**The task**. Leaving out all pictures, copy the lines below exactly, from the line with "3Pcs Hss Step" to the last line, both ends included.

**Input data**.
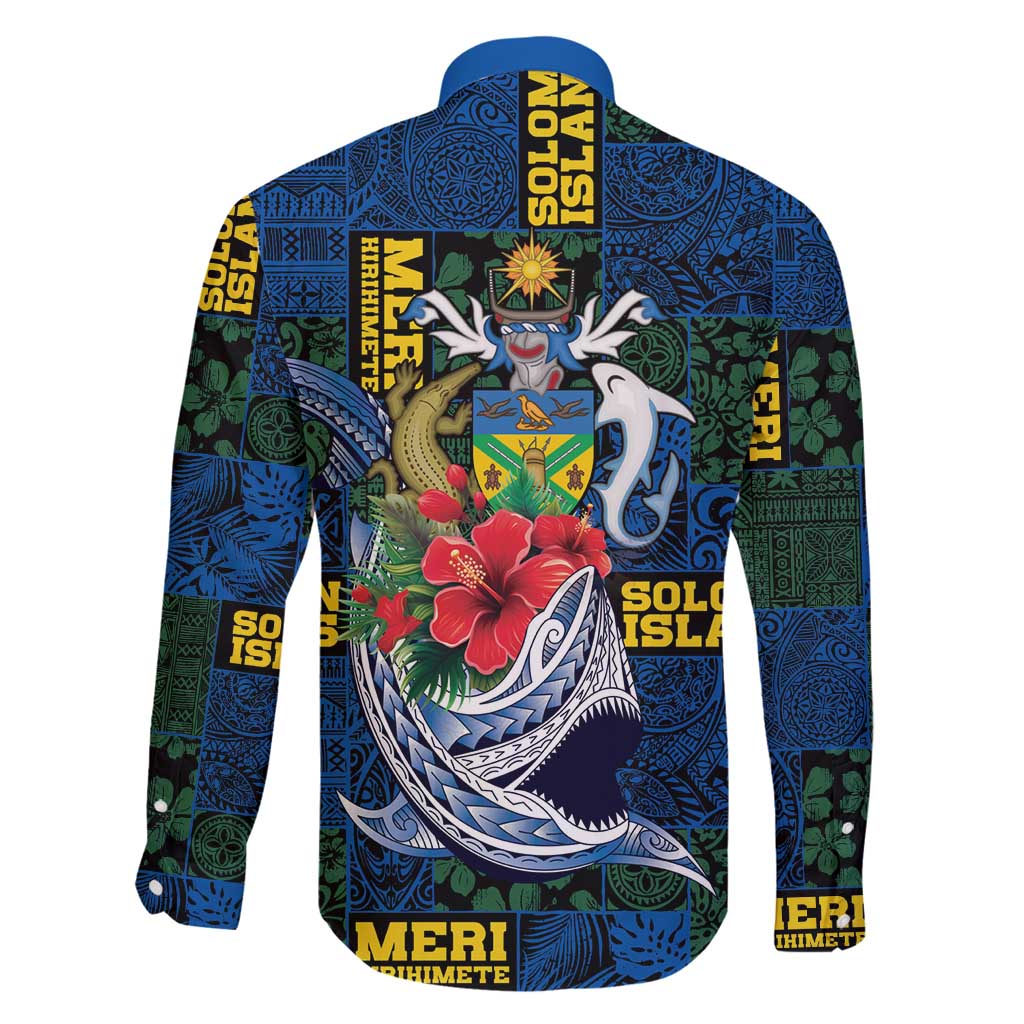 Solomon Islands Meri Kirihimete Family Matching Off Shoulder Maxi Dress and Hawaiian Shirt Funny Santa Riding Shark - Polynesian Pride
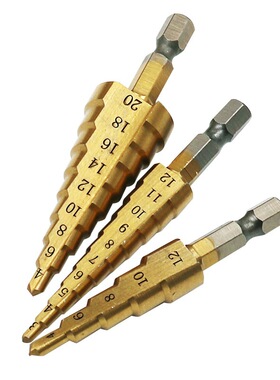3Pcs Hss Step Drill Bit Titanium Coated Step Cone Metal Hole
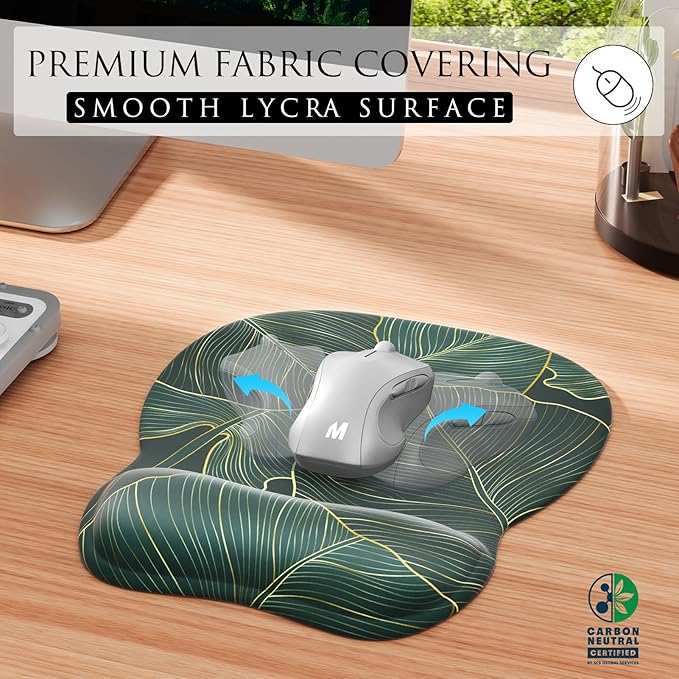 MROCO Ergonomic Mouse Pad with Gel Wrist Rest, 9.4 x 8.1 in, Green Leaves | Ergonomic Shape Design, Multiple Pattern Options, Gel Wrist Comfort, Smooth Lycra Surface, Non-Slip PU Base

**Response**.
3Pcs Hss Step Drill Bit Titanium Coated Step Cone Metal Hole
 MROCO Ergonomic Mouse Pad with Gel Wrist Rest, 9.4 x 8.1 in, Green Leaves | Ergonomic Shape Design, Multiple Pattern Options, Gel Wrist Comfort, Smooth Lycra Surface, Non-Slip PU Base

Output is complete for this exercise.